WHAT IS EXPECTED: Repeat the lines below exactly as written, please, from the line with "Used 2026 Aston Martin DBX 707 image 24" to the line with "TWITTER @CANOBOFICIAL Juveniles", both lines included, and no others.

ENTRIES PROVIDED:
*-*-*

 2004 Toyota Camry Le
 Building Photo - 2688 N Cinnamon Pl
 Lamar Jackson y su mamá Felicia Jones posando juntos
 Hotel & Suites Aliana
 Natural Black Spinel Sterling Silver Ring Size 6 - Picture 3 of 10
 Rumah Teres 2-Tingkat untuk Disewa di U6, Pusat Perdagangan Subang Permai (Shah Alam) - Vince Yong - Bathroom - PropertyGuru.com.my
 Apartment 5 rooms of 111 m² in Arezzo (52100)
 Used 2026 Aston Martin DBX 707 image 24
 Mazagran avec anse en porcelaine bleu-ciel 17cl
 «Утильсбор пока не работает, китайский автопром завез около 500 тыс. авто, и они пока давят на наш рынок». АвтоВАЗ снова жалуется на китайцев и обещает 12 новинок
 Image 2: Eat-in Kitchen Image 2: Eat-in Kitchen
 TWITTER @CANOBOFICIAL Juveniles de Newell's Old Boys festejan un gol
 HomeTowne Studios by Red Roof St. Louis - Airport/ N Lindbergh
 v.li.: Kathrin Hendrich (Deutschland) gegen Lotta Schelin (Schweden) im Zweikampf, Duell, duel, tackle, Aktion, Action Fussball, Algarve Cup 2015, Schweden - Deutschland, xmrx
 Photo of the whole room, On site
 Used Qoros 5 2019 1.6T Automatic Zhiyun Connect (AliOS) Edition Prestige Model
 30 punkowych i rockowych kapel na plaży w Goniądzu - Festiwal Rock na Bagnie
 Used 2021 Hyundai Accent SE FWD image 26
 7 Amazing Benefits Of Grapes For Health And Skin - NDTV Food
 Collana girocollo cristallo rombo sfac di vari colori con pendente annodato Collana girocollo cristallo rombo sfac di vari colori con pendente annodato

*-*-*

PROBLEM SOLUTION:
 Used 2026 Aston Martin DBX 707 image 24
 Mazagran avec anse en porcelaine bleu-ciel 17cl
 «Утильсбор пока не работает, китайский автопром завез около 500 тыс. авто, и они пока давят на наш рынок». АвтоВАЗ снова жалуется на китайцев и обещает 12 новинок
 Image 2: Eat-in Kitchen Image 2: Eat-in Kitchen
 TWITTER @CANOBOFICIAL Juveniles de Newell's Old Boys festejan un gol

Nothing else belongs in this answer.